[EXERCISE DATA Boundary: Start]

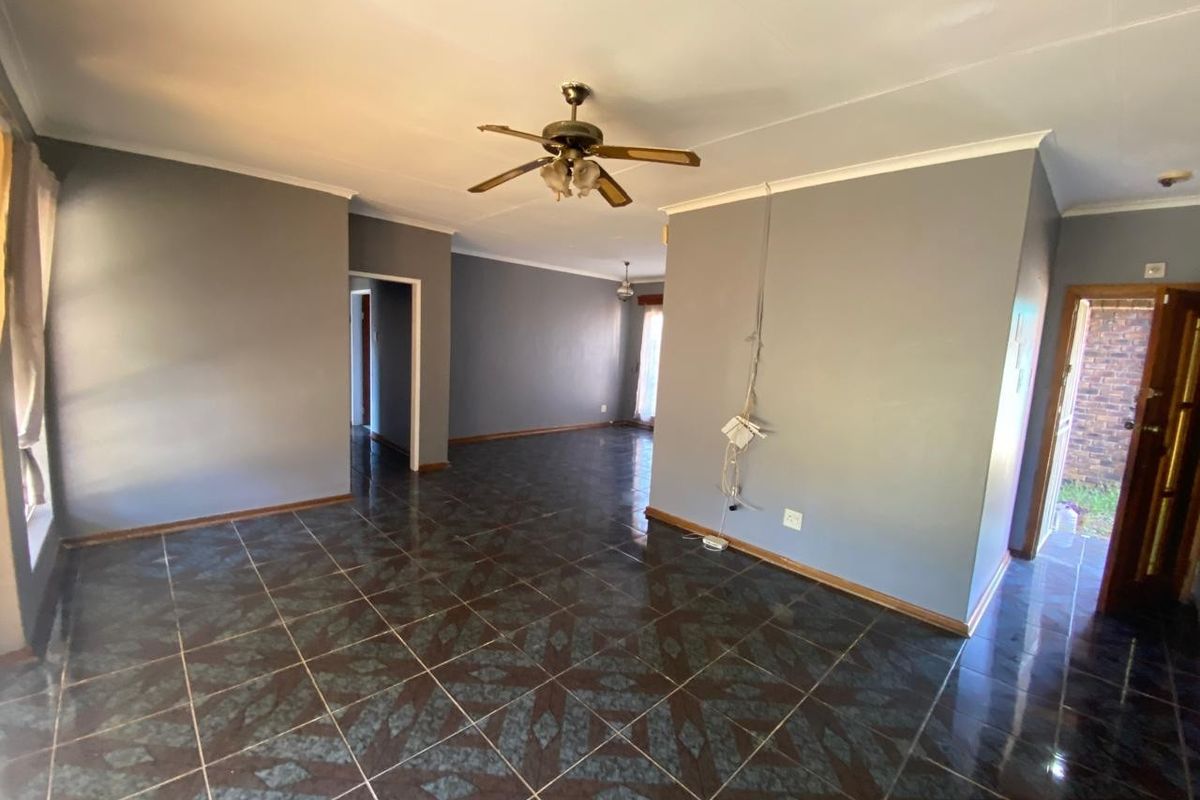 An empty, open-plan living area featuring dark patterned floor tiles, grey walls, and a ceiling fan, with an external door leading to the side yard.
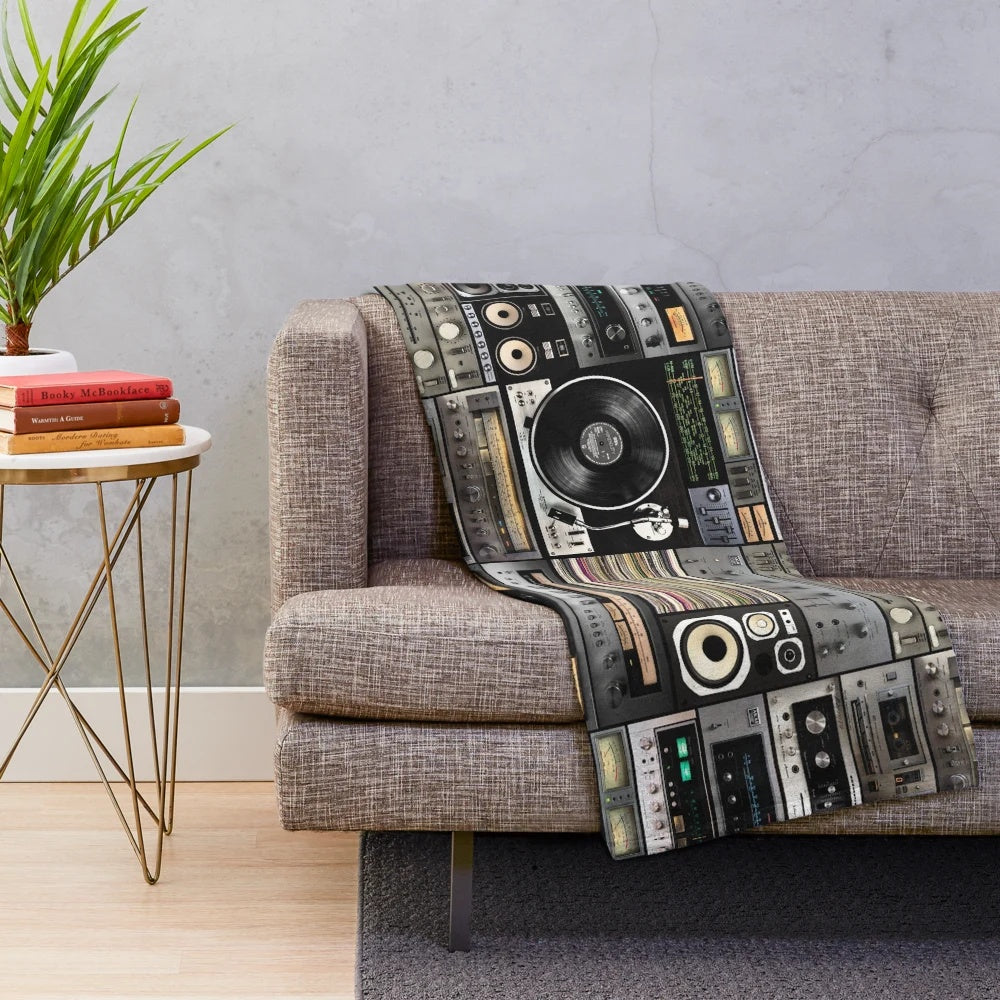 Vintage-inspired plush blanket with geometric pattern and analog music theme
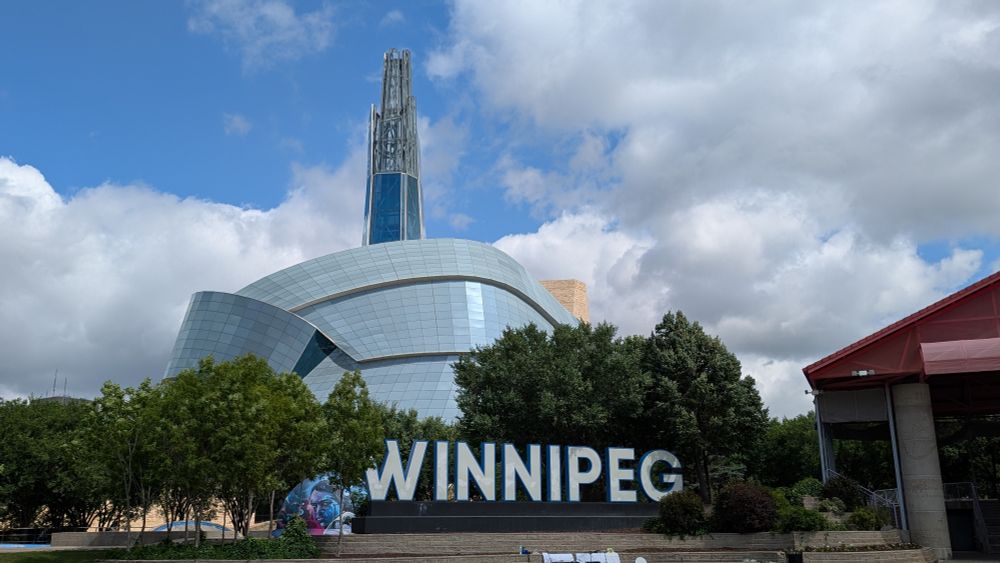 The modern architecture of the Museum of Human Rights, with the city name spelled in giant letters in front.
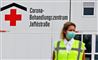 En hospitalsmedarbejder med maske på foran et corona-skilt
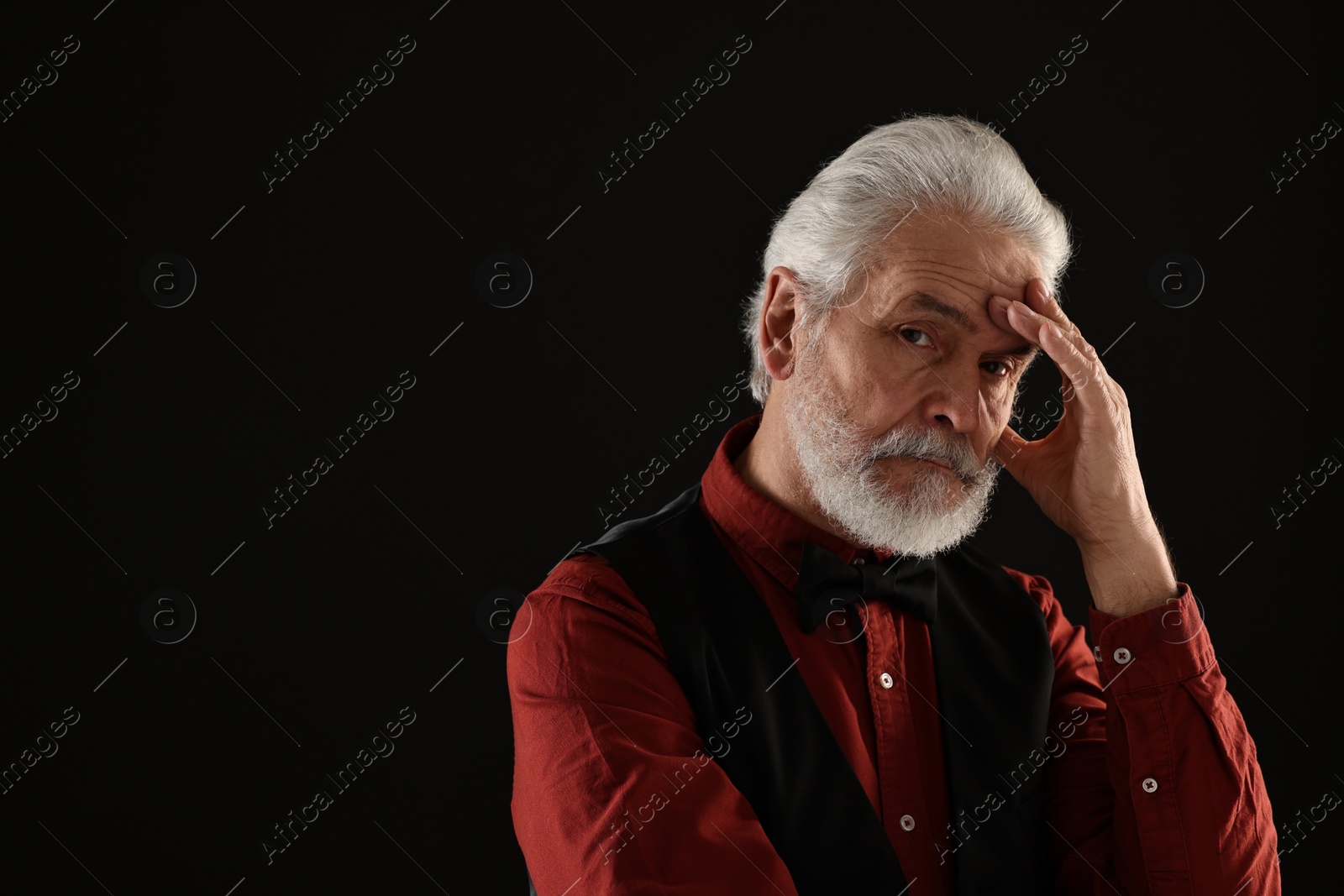 Photo of Senior man touching mustache on black background, space for text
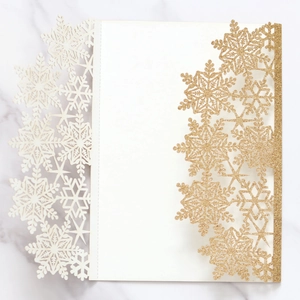 Detailed laser-cut snowflake wedding invitation card with gold glitter and white inner paper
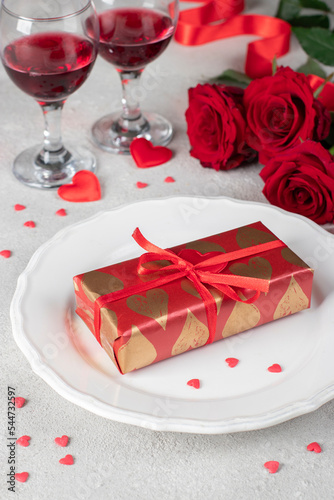 Gift in wrapping paper on white plate, red roses and two glasses wine on light table, concept for Valentines Day
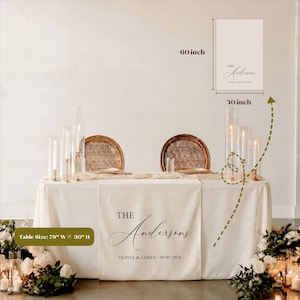 May include: A wedding table setting with a cream tablecloth and runner. The runner is personalized with "The Andersons" and the wedding date. The table is 200cm wide and 76cm high. Includes a sign that is 25cm x 152cm.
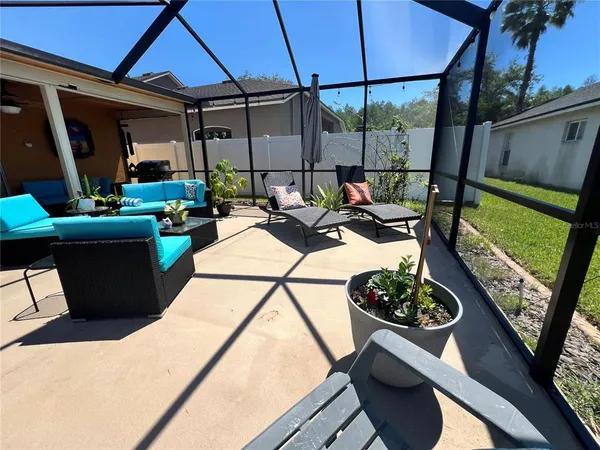 an aerial view of a house with swimming pool and garden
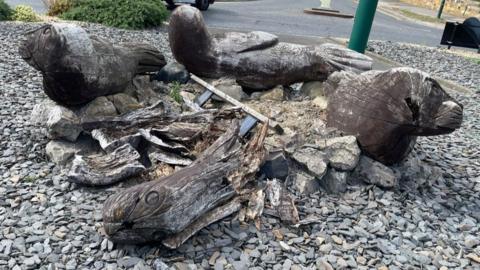 Three weathered brown seal sculptures surround the fragmented rotten remains of the unluckiest seal which has collapsed on itself. They are surrounded by slate chippings on a roundabout.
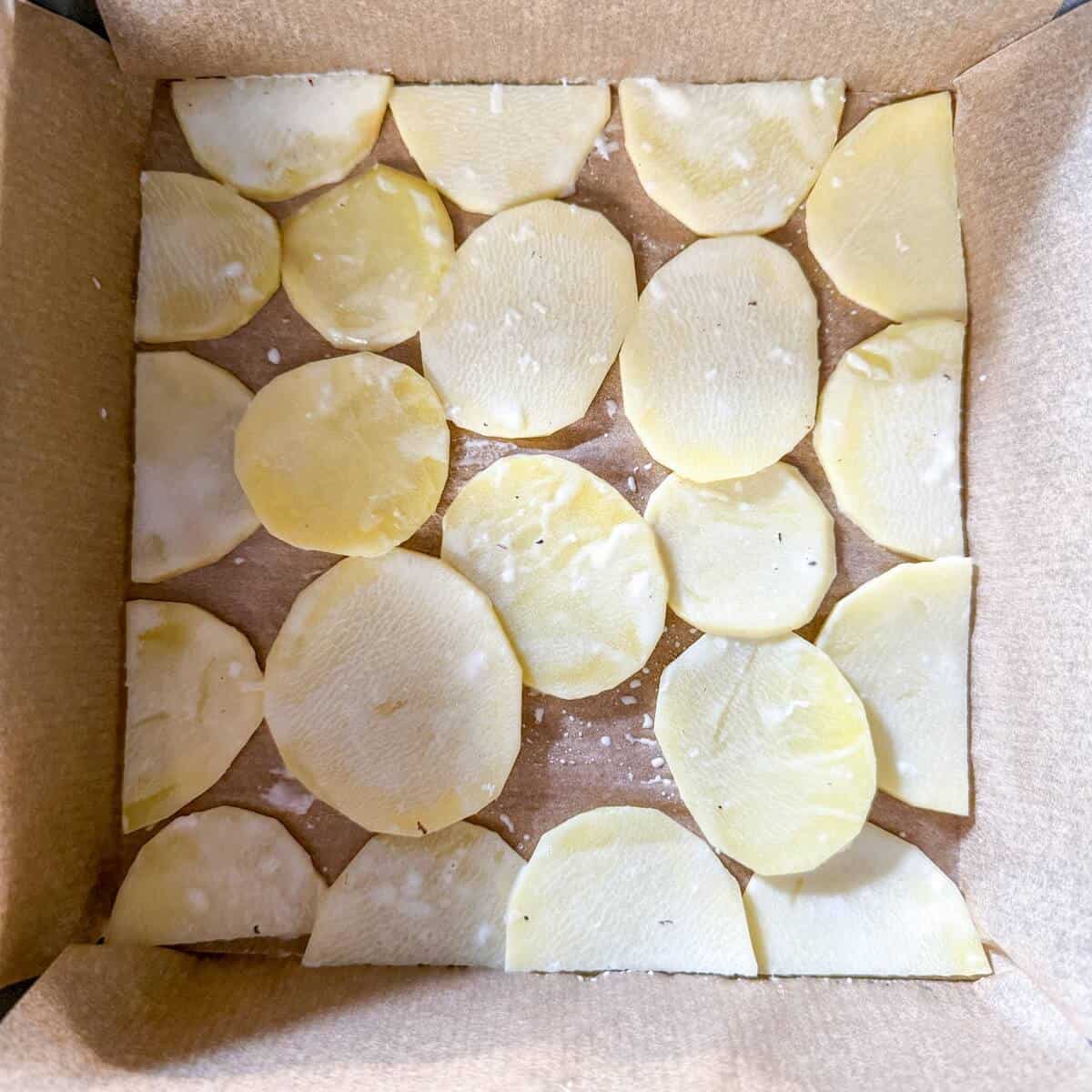A baking pan filled with slices of potato to make a dauphinoise.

[EXERCISE DATA Boundary: End]

_WHAT THIS TASK INVOLVES:_
Beginning with the line with "Photo of Senior", repeat the entries above exactly, up to and including the last line, leaving out pictures.

_ANSWER TO THIS EXERCISE:_
 Photo of Senior man touching mustache on black background, space for text
 Detailed laser-cut snowflake wedding invitation card with gold glitter and white inner paper
 Gift in wrapping paper on white plate, red roses and two glasses wine on light table, concept for Valentines Day
 May include: A wedding table setting with a cream tablecloth and runner. The runner is personalized with "The Andersons" and the wedding date. The table is 200cm wide and 76cm high. Includes a sign that is 25cm x 152cm.
 an aerial view of a house with swimming pool and garden
 Three weathered brown seal sculptures surround the fragmented rotten remains of the unluckiest seal which has collapsed on itself. They are surrounded by slate chippings on a roundabout.
A baking pan filled with slices of potato to make a dauphinoise.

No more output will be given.